DIRECTIONS FOR THIS TASK: The result should be the full listing copied exactly, with no pictures in it.

DATASET SECTION:
* * * * * * * * *
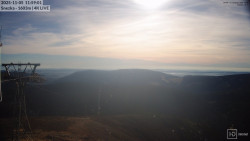 Sněžka - lanovka z Pece pod Sněžkou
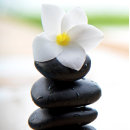 Zoek naar vreedzaam sleutelhangers Meditatie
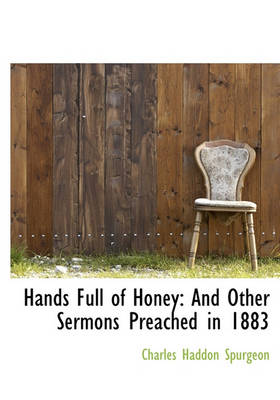 Book cover for Hands Full of Honey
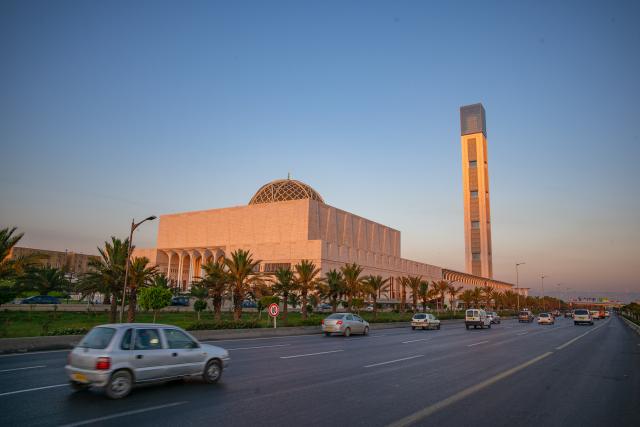 Ktorá mešita na celom svete má najvyšší minaret? Vitajte v Alží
* * * * * * * * *
TASK RESPONSE:
 Sněžka - lanovka z Pece pod Sněžkou
 Zoek naar vreedzaam sleutelhangers Meditatie
 Book cover for Hands Full of Honey
 Ktorá mešita na celom svete má najvyšší minaret? Vitajte v Alží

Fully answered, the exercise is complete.